U.S. House approves President Ford statue at Capitol

Credit Marion Doss / Flickr
President Gerald R. Ford

The U.S. House of Representatives has authorized a plan to put a statue of President Gerald R. Ford in the Capitol rotunda in Washington, D.C., according to Michigan Congressman Fred Upton. Rep. Upton says all 14 of his colleagues in Michigan’s Congressional delegation co-sponsored the resolution.

The measure now goes to the U.S. Senate for approval. The Associated Press reports:

The statue would replace a statue of Michigan abolitionist Zachariah Chandler. Federal law lets each state display two statues in the Capitol at one time.

Upton says a presentation ceremony for the new statue is planned May 3.

President Ford represented Michigan in the U.S. House of Representative before he became President Richard Nixon’s vice president.
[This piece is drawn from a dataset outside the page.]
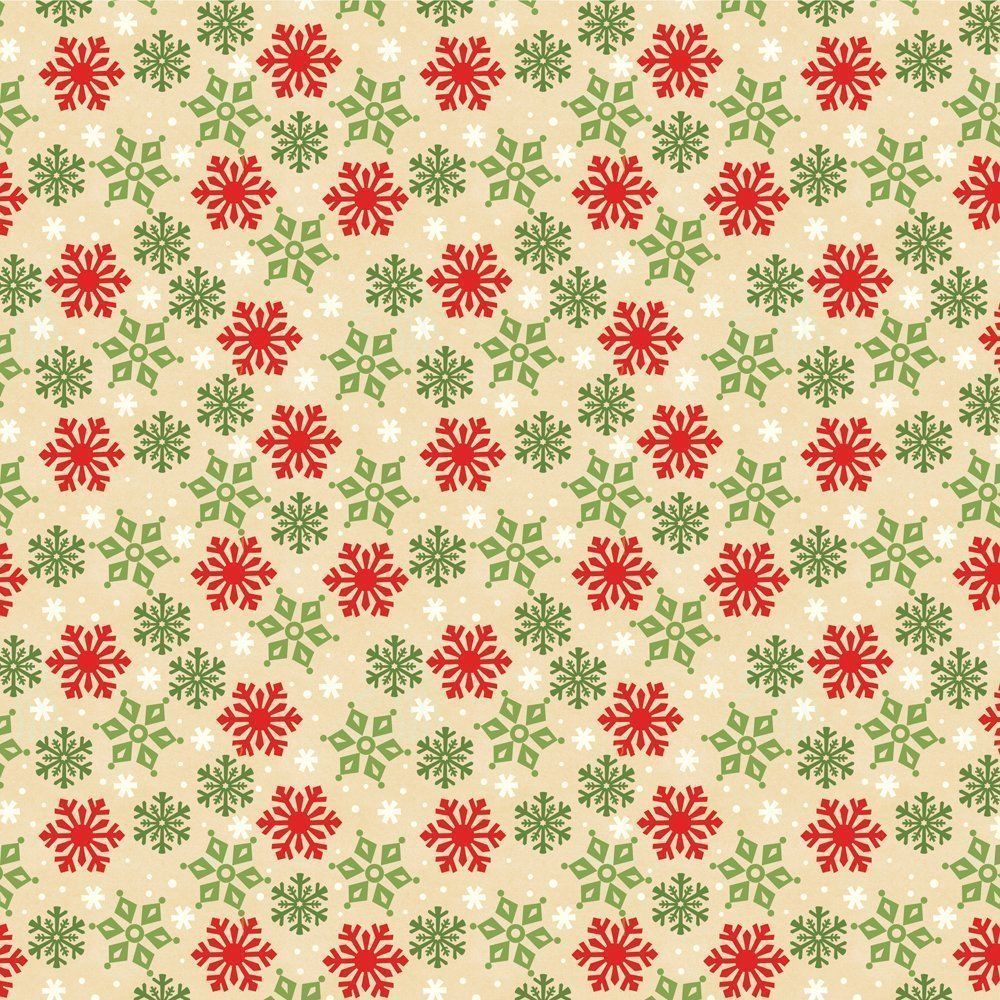 Fat Quarters, Bundles Craft Fabric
Ford succeeded Nixon in 1974. Ford passed away in 2006. Representative Upton released the following statement on his website:

“As one who has the honor and privilege of representing some of the very same people in southwest Michigan that President Ford did during his time in the House, it gives me great pleasure to witness this fitting tribute to Michigan’s native son,” said Upton.  “President Gerald Ford is a Michigan original and a model for all those called to public service.  A seemingly ordinary American who unexpectedly found himself in the presidency at one of our nation’s most tumultuous times, Gerald Ford led with honesty and integrity.  By standing above the political fray, President Ford allowed a wounded nation to heal.”